6.10.20

É uma dessas manhãs em que, sem outro motivo além da consciência de existir, venho pela rua a fazer o inventário dos meus privilégios, cantarolando, exercendo a vida com tudo o que por sorte me foi dado ou por empenho conquistei. Por isso é grande a estocada quando vejo a mãe dos filhos com olhos de azeitona preta, que não via desde que nos fechamos todos em casa. Vai sozinha, ao contrário do hábito. Durante anos e anos fez aquele percurso a carregar duas crianças, mais tarde carregando uma e arrastando outra, ultimamente apenas de mão dada com a menina, porque o rapaz seguia à frente, apressado para ser homem. Do bairro à escola, da escola ao bairro, numa comovente obediência ao seu destino, aquela mãe precoce a quem nunca escutei uma palavra, de pernas grossas e joelho valgo, que todos os dias enviúva do mesmo delinquente, jamais se atrasou ou fez outro caminho. Porém, os filhos com olhos de azeitona preta prescindem agora do abrigo e da boleia do seu corpo. Cresceram, estão expostos às próprias possibilidades de corrupção e infortúnio, são jogadores autónomos na lotaria da vida, vamos esperar que encontrem um caminho para lá da miserável condição em que nasceram.

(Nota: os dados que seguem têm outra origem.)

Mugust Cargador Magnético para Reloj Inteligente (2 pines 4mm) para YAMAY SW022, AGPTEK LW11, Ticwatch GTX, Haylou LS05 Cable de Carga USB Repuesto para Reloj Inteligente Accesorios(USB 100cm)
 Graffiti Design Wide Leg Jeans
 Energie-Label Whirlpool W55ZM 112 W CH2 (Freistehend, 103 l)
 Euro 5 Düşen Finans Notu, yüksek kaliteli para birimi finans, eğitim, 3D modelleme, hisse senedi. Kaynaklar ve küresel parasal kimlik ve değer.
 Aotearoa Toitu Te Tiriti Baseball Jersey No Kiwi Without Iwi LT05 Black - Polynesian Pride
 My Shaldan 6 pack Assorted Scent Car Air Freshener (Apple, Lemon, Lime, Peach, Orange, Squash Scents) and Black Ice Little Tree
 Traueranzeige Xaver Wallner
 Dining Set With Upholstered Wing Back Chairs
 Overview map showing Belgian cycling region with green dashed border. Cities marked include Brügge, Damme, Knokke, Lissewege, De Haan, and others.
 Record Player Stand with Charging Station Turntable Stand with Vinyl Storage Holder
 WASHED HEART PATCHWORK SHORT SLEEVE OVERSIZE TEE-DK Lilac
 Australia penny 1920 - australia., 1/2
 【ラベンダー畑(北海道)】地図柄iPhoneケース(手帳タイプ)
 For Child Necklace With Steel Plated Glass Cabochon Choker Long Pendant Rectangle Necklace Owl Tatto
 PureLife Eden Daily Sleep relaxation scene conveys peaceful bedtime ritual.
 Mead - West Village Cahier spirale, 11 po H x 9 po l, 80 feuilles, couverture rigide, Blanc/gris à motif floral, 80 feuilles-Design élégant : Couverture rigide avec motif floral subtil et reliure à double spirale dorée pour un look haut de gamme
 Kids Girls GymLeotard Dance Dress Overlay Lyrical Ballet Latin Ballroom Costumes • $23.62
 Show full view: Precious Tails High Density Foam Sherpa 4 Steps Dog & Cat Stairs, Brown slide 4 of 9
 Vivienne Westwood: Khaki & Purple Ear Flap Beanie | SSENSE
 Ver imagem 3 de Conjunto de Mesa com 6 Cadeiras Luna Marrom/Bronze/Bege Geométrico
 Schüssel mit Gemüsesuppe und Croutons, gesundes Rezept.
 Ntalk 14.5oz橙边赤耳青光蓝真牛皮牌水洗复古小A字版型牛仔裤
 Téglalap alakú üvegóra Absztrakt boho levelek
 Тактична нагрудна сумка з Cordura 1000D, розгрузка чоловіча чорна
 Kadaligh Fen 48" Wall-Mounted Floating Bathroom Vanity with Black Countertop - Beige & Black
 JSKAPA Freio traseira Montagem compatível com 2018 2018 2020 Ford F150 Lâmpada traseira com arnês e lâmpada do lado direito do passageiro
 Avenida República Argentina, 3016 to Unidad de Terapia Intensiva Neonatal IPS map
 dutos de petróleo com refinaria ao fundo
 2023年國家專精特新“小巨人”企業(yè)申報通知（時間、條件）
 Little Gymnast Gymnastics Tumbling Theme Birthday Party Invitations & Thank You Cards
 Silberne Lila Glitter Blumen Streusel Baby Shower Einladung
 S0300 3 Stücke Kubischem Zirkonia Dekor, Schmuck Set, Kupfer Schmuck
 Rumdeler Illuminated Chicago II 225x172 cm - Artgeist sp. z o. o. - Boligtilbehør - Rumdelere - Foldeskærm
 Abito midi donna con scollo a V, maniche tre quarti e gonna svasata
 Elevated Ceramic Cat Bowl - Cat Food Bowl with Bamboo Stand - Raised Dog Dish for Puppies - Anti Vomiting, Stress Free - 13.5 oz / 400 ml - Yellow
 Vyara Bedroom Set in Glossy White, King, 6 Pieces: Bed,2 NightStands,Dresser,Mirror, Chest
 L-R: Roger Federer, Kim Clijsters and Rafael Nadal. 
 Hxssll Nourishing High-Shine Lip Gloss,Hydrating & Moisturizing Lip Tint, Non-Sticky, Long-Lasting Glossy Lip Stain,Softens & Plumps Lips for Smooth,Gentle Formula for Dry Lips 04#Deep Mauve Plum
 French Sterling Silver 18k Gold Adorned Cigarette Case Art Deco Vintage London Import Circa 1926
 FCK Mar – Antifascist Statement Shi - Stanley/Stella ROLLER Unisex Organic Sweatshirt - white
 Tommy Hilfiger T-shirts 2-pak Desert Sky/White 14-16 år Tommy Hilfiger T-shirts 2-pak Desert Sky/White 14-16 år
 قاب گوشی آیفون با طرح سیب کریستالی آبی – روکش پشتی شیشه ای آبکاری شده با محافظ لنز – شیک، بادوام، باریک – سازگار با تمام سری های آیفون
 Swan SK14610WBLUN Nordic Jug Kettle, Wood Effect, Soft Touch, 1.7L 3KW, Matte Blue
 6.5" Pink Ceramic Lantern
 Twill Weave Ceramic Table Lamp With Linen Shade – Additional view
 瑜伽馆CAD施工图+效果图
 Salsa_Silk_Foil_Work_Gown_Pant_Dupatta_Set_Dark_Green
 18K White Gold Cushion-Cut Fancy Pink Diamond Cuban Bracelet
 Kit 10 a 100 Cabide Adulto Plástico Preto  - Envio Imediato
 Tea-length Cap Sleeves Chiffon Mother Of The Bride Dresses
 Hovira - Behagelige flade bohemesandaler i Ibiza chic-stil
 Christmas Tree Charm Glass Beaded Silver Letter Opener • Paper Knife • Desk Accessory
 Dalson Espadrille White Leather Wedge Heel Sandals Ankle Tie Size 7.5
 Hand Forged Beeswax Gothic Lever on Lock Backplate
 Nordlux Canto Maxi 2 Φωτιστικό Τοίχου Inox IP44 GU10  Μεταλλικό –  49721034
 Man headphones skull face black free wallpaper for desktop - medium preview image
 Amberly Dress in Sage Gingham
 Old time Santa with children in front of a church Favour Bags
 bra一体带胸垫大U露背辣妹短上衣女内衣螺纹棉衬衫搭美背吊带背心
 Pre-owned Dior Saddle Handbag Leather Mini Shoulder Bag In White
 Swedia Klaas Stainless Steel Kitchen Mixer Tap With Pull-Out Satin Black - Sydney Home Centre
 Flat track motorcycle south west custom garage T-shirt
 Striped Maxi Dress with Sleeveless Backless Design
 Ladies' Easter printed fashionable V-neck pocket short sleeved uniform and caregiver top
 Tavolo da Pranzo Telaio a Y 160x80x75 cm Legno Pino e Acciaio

Chego a casa e não tenho apetite. O mais velho preocupa-se, o que tens? E quando digo quem vi pede-me que não conte, pois sabe que também pousará os talheres. Ah, felizes os que andam entretidos na sua roda viva e dormitam na sua quietação murada e praticam opiniões diante dos cortejos televisivos e só conhecem a tragédia de a folhear em verso e salivam sobre a fartura das suas mesas e doam os excessos porque precisam de limpar armários. Aproveitem, porque a felicidade que há no mundo é pouca e distribuída de forma mais desigual que o dinheiro. Têm-na toda os deuses e um ténue vislumbre dela os humanos.